The 1957 United States Senate special election in Wisconsin took place on August 27, 1957, to elect a U.S. Senator to complete the unexpired term of Senator Joseph McCarthy, who died on May 2, 1957.

Unlike most states Wisconsin law did not allow for the gubernatorial appointment of an interim Senator.

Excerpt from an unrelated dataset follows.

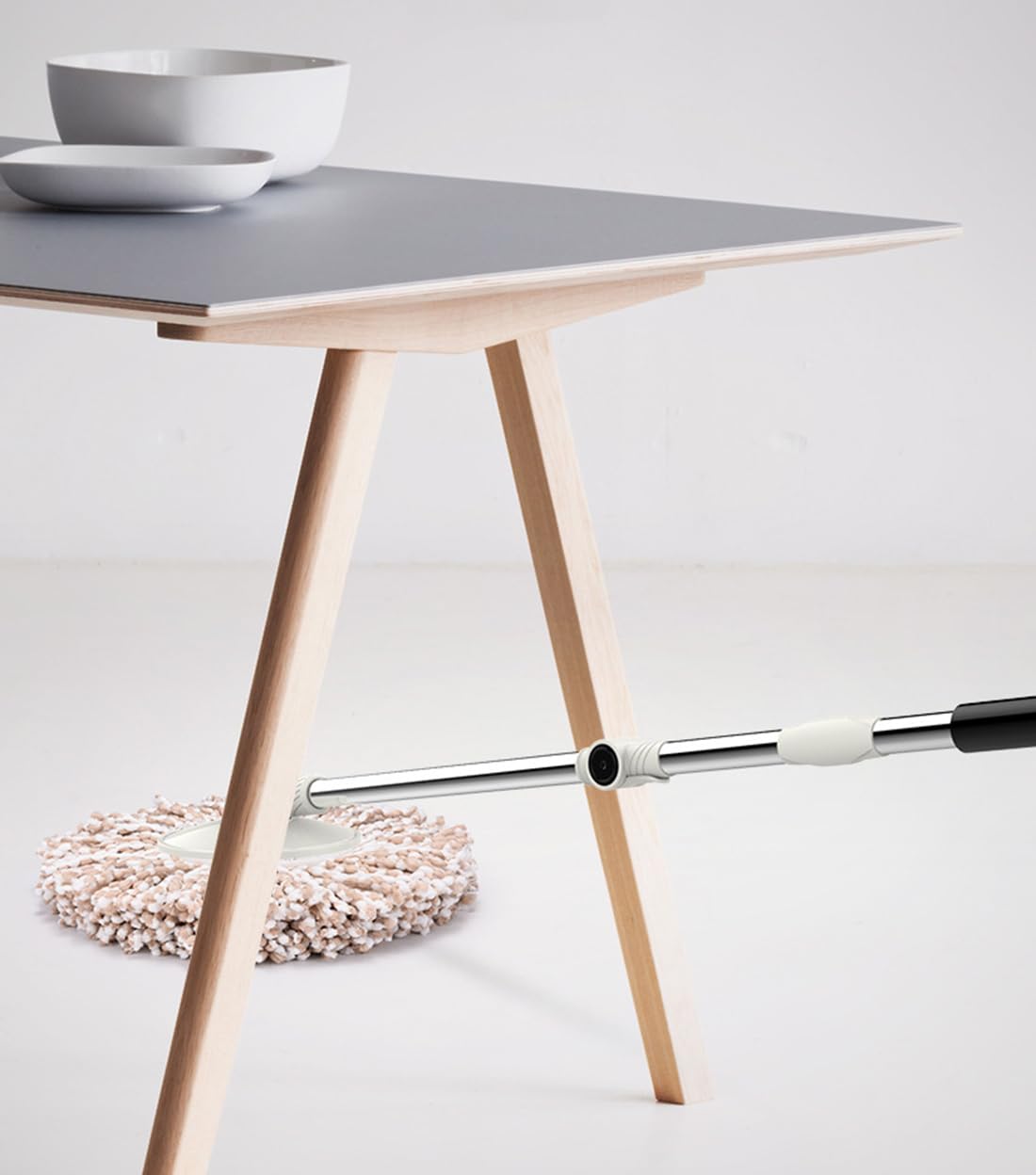 Juego De Cubo Y Fregona Giratoria, Juego De Manijas para Fregona con 5 Cabezales De Microfibra Súper Absorbentes 360° Sistema Barra Telescópica De Acero Inoxidable para Limpieza del Hogar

Democratic nominee William Proxmire defeated Republican nominee and former Governor Walter J. Kohler Jr.

==Primary elections==
Primary elections were held on July 30, 1957.

===Democratic primary===
====Candidates====
- William Proxmire, former State Representative, Democratic nominee for Governor in 1952, 1954 and 1956
- Clement J. Zablocki, incumbent U.S. Representative

====Declined====
- Henry S. Reuss, incumbent U.S. Representative

====Results====

Democratic primary results
| Party |  | Candidate | Votes | % |
|---|---|---|---|---|
|  | Democratic | William Proxmire | 86,341 | 60.29 |
|  | Democratic | Clement J. Zablocki | 56,817 | 39.67 |
|  | Scattering |  | 62 | 0.04 |
| Total votes |  |  | 143,220 | 100.00 |

===Republican primary===
====Candidates====
- Glenn Robert Davis, former U.S. Representative, unsuccessful candidate for Republican nomination for U.S. Senate in 1956
- Henry P. Hughes, former justice of the Wisconsin Supreme Court
- Warren P. Knowles, incumbent Lieutenant Governor of Wisconsin
- Walter J. Kohler Jr., former Governor of Wisconsin
- Gerald D. Lorge, incumbent State Senator
- Alvin E. O'Konski, incumbent U.S. Representative
- John C. Schafer, former U.S. Representative

====Declined====
- Howard H. Boyle, attorney, unsuccessful candidate for Republican nomination for U.S. Senate in 1956

====Results====

Republican primary results
| Party |  | Candidate | Votes | % |
|---|---|---|---|---|
|  | Republican | Walter J. Kohler Jr. | 109,256 | 34.43 |
|  | Republican | Glenn Robert Davis | 100,532 | 31.68 |
|  | Republican | Alvin E. O'Konski | 66,784 | 21.05 |
|  | Republican | Warren P. Knowles | 23,996 | 7.56 |
|  | Republican | Henry P. Hughes | 7,488 | 2.36 |
|  | Republican | Gerald D. Lorge | 7,326 | 2.31 |
|  | Republican | John C. Schafer | 1,906 | 0.60 |
|  | Write-in |  | 44 | 0.01 |
| Total votes |  |  | 317,332 | 100.00 |

==General election==
===Major party candidates===
- Walter J. Kohler Jr., Republican
- William Proxmire, Democratic

===Minor party candidates===
- Howard H. Boyle, "Joe McCarthy Republican", attorney
- Georgia Cozzini, Socialist Labor, housewife
- Douglas J. Wheaton, steamfitter

The three minor candidates all technically ran as independents.

===Results===

1957 United States Senate special election in Wisconsin
| Party |  | Candidate | Votes | % |
|  | Democratic | William Proxmire | 435,985 | 56.43 |
|  | Republican | Walter J. Kohler Jr. | 312,931 | 40.50 |
|  | Protection of Constitutional Government | Howard H. Boyle | 20,581 | 2.66 |
|  | Christianity - America First - McCarthyism | Douglas J. Wheaton | 2,288 | 0.30 |
|  | Socialist Labor | Georgia Cozzini | 704 | 0.09 |
|  | Scattering |  | 131 | 0.02 |
| Majority |  |  | 123,054 | 15.93 |
| Turnout |  |  | 772,620 | 100.00 |
|  | Democratic gain from Republican |  |  |  |  |

== See also ==
- 1957 United States Senate elections

==Bibliography==
- "Congressional Elections, 1946-1996" (1998)
- Scammon, Richard M. (1958). "America Votes: a handbook of contemporary American election statistics, 1956-57"
- Toepel, M. G.. "The Wisconsin Blue Book, 1958"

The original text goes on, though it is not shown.